# RIP smokey cat :(



## Dizzydancer (7 February 2015)

Was involved in an rtc late tonight thankfully some kind soul took her to the vets who contacted me but she was in pain and distressed so I made the decision to put her out of her misery. RIP beautiful girl, I met you at 1 minute old and you had a wonderful 6 years, you were taken too soon enjoy chasing butterflies in the sky x x


----------



## pines of rome (7 February 2015)

So sorry, RIP Smokey. x


----------



## olop (7 February 2015)

So sorry  rip little one xx


----------



## Meowy Catkin (7 February 2015)

RIP Smokey.


----------



## Dizzydancer (7 February 2015)

Thanks.
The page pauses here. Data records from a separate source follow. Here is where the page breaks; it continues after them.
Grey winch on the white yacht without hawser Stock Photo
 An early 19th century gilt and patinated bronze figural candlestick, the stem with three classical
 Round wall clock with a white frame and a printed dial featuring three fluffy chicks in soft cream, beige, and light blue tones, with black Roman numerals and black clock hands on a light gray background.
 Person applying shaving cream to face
She is home now and it has made it easier that I have seen her now.


----------



## Shady (7 February 2015)

i'm so sorry you lost her but glad someone took her in and it sounds like you did the right thing. big hugs to you. xxxx


----------



## peaceandquiet1 (7 February 2015)

So sorry x


----------



## Dizzydancer (7 February 2015)

Thank you. Yes I believe I made the right choice for her x


----------



## hackneylass2 (9 February 2015)

RIP Smokey. So sad.


----------



## JulesRules (12 February 2015)

I'm so sorry. I lost my old boy recently, but at least he had had a good long life. Sounds like Smokey was taken too soon.

Big hugs x


----------